Klasik istihbarat oyunudur!
-Herkesin içinden inanacağı bir şeyler servis ederler 10 söylenenden 1 tanesine olabilir dersen diğer 9 söylenene inanmaya başlarsın.
O da tamda bunu yapıyor.
Ve o bunu yaptıkça ona inanmak isteyenlerin çoğu bu inanca sırf ERDOĞAN düşmanlığı ile yanaşıyorlar ve söylenenler üzerinden asıl hedefleri CUMHUR İTTİFAKI’dır.
Dışta bu ittifakın terörle mücadelesini hazmedemeyenler, içte iktidar hırsı ile bu ittifaktan kurtulmak isteyenler bir ağızdan slogan atar duruma gelmiştir.
Erdoğan’ı seçimsiz al aşağı etmek için; MİT kumpası denendi, Gezi, 17/25 Aralık olayları denendi, MİT tırları kumpası, Kobani Olayları, Çukur Eylemleri denendi..
Nihayetinde , 15 Temmuz darbe girişimi denendi...
DEAŞ ve PKK, Ekonomik Saldırılar ve Trump denendi...
Ve son tango Sedat Peker!
Dün karanlık ellerle kaset skandalları yaşatanlar, bugün kasetlerine başrol oyuncusu bulmuş durumdalar.
“Tayyip Abi” diyerek başladığı her kaset operasyonunda, dönüp dolaşıp 15 Temmuz’da Erdoğan’ın yanında canı pahasına olan şahıslara vuruyor.
Yani aslında “abisine” vuruyor.
Yüceltir gibi yaparak aslında aşağılıyor ve derin derin yıpratıyor...
Peker eğer Erdoğan’a karşı gerçekten samimi olsaydı ülkeden kaçmadan bildikleri ile gider adalete teslim olurdu.
Görünen o ki , bizim taklidi mafyalarımız aslında milli güvenlik sorunu haline gelmiş.
Demek ki, bir ülkede yer altı yapılanmaları da eğer ehilleri yapmazsa utanç ve gülünç hallerimizi yaşarız.

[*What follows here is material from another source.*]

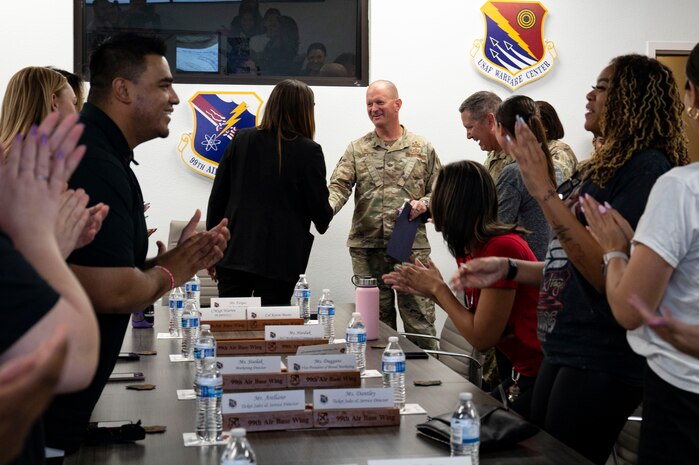 U.S. Air Force Col. Joshua DeMotts, right, 99th Air Base Wing commander, greets Yolanda Fargas, Las Vegas Aces president, before a mission brief at Nellis Air Force Base, Nevada, June 9, 2023.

Bakın göreceksiniz bu aptalca görünen istihbarat oyununda son sözü Türk Devleti söyleyecek ve çok sert söyleyecek.
Bekleyin görün bu süreçte ölü taklidi yapan devlet, nasıl bir sonuç gösterecek şaşıracaksınız.
İstihbarat meraklısı gençlere 100 yıllık malzeme çıkacak.